Furthermore, unlike competing P2P & social lenders, SoFi started with the strongest demographic customer base, which drives strong earning power. As of 2016, SoFi registered 120K+ members, funded $6 billionto date, and originated an incredible $1 billion in loans each month vs. $1 billion for all of 2014. SoFi has experienced hockey stick growth and profitability (profitable as of 2014) as a result of it’s ease of use and customer base. Competitors (Roostify, Lending Club, etc.) merely want to unbundle banks or streamline existing processes for consumers and Fannie & Freddie. SoFi wants to kill banks.

Risks and exit analysis

SoFi is a social platform that will transform finance and education. It’s social infrastructure (50% referral rate and 90 net promoter score) help the company scale, market and distribute its “community capital.”

Risks include lowering lending standards to subsidize growth, federal regulations loosening to compete, and bigger banks cutting rates (Wells Fargo has already). There’s also refinancing risk: subscribers lend money to SoFi, against its 5-year fixed rate notes, which originate 5–20 year maturity loans to borrowers.

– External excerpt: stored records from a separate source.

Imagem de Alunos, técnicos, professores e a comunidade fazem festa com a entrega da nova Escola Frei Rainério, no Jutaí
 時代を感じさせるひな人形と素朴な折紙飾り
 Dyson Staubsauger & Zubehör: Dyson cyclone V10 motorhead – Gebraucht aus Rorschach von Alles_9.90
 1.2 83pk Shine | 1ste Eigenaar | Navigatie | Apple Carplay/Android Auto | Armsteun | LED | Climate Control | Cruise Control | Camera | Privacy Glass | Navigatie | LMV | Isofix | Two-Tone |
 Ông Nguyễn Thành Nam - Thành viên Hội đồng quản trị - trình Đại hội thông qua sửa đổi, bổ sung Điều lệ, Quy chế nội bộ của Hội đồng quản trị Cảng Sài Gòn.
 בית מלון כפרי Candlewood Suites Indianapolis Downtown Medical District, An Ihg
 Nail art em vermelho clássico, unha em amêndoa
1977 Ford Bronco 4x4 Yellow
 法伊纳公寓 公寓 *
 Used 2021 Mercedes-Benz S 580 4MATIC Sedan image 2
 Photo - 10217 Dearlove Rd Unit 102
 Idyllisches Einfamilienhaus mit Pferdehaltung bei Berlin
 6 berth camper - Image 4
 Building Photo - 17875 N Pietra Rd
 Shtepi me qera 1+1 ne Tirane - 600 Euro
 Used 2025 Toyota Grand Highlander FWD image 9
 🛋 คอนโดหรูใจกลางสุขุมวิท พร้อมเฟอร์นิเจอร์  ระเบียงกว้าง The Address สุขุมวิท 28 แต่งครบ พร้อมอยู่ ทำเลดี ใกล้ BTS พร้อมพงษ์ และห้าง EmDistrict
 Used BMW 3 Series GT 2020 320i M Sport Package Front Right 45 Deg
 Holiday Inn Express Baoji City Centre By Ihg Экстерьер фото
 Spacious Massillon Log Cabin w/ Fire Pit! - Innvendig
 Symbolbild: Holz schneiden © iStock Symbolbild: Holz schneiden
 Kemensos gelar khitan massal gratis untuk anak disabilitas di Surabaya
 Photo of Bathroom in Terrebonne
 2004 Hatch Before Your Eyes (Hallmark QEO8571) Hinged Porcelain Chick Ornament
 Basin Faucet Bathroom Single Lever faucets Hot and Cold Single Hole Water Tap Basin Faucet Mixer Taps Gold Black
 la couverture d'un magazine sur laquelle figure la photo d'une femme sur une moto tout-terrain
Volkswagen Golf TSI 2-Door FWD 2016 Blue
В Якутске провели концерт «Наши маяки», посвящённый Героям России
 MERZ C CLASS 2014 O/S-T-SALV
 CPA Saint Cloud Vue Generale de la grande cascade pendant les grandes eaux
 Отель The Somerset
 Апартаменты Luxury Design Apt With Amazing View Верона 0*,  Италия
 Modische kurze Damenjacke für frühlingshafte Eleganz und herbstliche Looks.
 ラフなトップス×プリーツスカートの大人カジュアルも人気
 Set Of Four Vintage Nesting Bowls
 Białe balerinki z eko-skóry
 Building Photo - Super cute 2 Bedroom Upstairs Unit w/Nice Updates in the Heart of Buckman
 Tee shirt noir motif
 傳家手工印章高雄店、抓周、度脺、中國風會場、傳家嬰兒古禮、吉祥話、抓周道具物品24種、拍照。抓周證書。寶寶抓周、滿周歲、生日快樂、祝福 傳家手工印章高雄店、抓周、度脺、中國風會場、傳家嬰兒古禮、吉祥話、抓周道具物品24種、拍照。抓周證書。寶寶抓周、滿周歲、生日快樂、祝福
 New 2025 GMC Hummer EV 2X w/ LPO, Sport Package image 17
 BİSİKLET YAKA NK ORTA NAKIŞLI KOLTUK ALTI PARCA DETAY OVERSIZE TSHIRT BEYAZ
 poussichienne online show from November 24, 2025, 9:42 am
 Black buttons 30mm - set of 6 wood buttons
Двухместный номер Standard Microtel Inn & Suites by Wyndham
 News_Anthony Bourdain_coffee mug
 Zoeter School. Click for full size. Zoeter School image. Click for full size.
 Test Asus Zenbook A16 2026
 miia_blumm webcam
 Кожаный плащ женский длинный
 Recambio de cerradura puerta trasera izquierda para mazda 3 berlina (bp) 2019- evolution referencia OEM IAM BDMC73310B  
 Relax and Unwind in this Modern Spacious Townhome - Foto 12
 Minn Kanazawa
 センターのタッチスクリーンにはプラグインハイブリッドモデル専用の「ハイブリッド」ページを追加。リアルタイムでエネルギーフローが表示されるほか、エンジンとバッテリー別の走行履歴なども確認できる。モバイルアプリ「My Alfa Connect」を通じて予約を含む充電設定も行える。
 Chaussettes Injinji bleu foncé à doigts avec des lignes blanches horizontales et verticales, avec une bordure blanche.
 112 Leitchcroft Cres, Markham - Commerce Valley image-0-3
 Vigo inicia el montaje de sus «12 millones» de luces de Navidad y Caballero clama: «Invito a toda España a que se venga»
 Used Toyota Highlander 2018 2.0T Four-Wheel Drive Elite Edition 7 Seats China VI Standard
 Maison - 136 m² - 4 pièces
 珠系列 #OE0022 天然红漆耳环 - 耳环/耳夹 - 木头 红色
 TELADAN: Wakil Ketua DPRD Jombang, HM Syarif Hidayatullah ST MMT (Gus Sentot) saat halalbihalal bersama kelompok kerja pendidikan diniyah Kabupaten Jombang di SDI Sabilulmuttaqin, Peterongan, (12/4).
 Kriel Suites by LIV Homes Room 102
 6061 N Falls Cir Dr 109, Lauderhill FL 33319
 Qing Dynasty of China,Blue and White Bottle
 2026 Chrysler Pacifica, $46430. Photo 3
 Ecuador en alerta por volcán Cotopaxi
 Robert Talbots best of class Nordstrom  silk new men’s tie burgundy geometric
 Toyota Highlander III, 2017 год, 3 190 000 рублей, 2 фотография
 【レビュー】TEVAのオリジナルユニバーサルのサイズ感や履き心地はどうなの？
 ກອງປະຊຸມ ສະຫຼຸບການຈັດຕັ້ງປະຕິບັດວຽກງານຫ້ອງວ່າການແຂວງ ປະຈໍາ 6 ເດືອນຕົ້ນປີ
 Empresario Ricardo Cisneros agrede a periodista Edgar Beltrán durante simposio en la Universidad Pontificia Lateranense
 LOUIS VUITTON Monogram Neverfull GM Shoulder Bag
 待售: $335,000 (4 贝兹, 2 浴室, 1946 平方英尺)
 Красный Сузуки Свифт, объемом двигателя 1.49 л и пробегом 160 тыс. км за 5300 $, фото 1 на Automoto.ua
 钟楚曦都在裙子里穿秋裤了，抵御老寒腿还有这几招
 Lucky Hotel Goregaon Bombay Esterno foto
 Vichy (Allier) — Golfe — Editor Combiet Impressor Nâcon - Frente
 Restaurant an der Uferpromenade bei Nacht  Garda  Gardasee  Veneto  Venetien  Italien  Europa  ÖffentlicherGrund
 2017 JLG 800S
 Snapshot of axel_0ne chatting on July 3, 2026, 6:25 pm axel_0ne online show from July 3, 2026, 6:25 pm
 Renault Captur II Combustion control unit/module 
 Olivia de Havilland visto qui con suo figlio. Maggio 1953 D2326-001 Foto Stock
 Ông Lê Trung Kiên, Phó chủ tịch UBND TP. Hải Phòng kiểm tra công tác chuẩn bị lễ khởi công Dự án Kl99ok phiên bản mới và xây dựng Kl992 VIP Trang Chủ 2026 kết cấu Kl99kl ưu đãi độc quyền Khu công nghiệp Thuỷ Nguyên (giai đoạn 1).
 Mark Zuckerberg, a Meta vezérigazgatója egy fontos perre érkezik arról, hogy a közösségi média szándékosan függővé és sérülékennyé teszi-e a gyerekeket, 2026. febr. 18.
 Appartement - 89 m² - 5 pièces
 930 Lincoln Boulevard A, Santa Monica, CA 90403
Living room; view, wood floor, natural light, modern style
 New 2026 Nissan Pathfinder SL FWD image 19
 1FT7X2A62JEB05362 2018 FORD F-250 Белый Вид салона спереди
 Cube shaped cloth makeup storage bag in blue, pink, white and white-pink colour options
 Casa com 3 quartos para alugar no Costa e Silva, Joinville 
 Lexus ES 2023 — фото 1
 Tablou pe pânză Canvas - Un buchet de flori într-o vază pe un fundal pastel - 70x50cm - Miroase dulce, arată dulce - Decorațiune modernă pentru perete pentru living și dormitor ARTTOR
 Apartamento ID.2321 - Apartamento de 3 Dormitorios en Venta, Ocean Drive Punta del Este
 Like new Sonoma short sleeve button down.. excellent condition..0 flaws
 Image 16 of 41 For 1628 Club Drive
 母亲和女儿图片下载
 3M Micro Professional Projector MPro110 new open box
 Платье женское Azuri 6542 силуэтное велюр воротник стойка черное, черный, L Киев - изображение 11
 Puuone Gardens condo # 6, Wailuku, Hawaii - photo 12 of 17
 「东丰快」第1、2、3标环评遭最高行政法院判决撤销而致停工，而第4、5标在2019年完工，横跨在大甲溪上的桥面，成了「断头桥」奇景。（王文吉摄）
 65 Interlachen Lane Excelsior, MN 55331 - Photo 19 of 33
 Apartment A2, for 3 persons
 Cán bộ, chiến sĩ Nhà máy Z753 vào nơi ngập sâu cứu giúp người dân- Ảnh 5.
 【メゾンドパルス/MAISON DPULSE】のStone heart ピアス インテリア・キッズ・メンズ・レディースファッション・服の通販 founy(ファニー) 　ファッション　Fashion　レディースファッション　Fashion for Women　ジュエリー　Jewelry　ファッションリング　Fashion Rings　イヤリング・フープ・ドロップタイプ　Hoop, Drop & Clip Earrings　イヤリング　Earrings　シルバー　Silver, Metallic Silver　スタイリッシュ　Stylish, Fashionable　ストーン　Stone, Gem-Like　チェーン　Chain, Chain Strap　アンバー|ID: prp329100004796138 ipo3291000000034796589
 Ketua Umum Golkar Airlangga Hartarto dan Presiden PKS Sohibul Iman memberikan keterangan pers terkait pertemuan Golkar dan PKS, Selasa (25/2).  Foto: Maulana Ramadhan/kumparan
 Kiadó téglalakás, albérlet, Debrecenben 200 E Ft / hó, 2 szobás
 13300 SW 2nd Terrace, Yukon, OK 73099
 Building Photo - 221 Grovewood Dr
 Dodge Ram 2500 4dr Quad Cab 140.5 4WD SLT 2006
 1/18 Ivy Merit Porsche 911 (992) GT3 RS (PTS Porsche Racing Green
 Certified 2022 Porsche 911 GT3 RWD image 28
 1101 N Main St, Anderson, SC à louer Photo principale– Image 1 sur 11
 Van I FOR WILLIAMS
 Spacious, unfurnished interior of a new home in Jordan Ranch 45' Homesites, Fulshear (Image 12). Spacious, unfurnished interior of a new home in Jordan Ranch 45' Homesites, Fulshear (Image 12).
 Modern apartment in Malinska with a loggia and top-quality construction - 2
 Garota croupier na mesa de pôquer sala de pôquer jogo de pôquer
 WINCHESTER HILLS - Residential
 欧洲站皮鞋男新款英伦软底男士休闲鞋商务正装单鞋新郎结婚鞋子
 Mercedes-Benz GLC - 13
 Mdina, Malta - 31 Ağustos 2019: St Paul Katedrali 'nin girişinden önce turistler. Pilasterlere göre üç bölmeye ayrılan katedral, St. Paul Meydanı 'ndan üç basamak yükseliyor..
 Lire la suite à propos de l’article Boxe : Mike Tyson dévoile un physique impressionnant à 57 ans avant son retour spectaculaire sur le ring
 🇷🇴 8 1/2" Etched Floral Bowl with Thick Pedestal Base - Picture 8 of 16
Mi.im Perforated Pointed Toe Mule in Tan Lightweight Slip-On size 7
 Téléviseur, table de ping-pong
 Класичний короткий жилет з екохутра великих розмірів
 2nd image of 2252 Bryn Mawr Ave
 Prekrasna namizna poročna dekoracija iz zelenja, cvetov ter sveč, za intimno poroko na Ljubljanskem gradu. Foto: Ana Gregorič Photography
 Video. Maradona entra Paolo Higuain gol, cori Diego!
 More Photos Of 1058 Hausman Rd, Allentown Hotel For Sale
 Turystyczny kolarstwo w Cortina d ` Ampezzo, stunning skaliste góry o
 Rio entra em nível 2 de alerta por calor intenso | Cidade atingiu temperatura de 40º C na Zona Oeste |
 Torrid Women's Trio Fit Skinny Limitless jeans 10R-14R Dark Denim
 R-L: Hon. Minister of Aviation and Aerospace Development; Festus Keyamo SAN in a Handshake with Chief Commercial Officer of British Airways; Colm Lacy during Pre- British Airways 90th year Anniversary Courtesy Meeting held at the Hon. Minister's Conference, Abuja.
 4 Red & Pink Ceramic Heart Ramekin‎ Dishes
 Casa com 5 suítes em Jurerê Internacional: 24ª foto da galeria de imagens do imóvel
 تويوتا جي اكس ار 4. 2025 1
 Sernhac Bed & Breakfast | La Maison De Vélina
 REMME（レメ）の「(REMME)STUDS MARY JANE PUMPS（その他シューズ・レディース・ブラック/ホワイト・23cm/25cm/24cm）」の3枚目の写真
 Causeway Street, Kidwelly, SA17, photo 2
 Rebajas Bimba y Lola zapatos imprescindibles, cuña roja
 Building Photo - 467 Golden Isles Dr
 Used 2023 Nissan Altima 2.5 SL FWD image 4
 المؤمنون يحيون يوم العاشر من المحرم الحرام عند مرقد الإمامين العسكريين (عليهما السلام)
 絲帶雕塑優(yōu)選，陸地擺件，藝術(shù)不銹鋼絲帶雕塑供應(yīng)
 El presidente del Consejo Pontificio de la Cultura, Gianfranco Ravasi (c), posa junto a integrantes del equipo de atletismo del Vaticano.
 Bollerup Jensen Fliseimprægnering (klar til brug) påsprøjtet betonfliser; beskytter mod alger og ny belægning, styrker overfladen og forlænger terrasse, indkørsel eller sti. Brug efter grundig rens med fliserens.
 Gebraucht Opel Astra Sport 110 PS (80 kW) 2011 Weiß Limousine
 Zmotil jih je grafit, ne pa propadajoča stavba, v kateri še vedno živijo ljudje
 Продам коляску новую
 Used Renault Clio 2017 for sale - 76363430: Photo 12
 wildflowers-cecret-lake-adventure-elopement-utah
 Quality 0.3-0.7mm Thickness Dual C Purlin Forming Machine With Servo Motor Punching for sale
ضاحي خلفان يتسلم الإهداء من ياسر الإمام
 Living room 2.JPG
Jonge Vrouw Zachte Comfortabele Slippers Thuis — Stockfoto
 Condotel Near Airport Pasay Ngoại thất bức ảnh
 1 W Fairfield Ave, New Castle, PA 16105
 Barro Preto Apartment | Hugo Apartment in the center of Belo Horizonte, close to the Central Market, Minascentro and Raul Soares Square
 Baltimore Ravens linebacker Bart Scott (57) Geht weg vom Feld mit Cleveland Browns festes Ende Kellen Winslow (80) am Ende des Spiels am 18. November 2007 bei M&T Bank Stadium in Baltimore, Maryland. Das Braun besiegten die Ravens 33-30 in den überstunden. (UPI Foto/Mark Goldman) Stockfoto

SoFi is also expanding into the $1.45T mortgage market by leveraging its social platform and strong customer base. SoFi underwrites mortgages based on a person’s free cash flow to broaden customer pool and pull from its student base. Over half of SoFi’s borrowers earn at least $100K and have an average FICO of 774, driving favorable securitization ratings from Moody’s and S&P. Nonbanks grew their US mortgage marketshare to ~38% and PwC estimates nonbank mortgage lending to grow 30% CAGR from $6.5B in 2014 to $150bn by 2025. SoFi’s social model & strong customer base can drive it to at least $50B.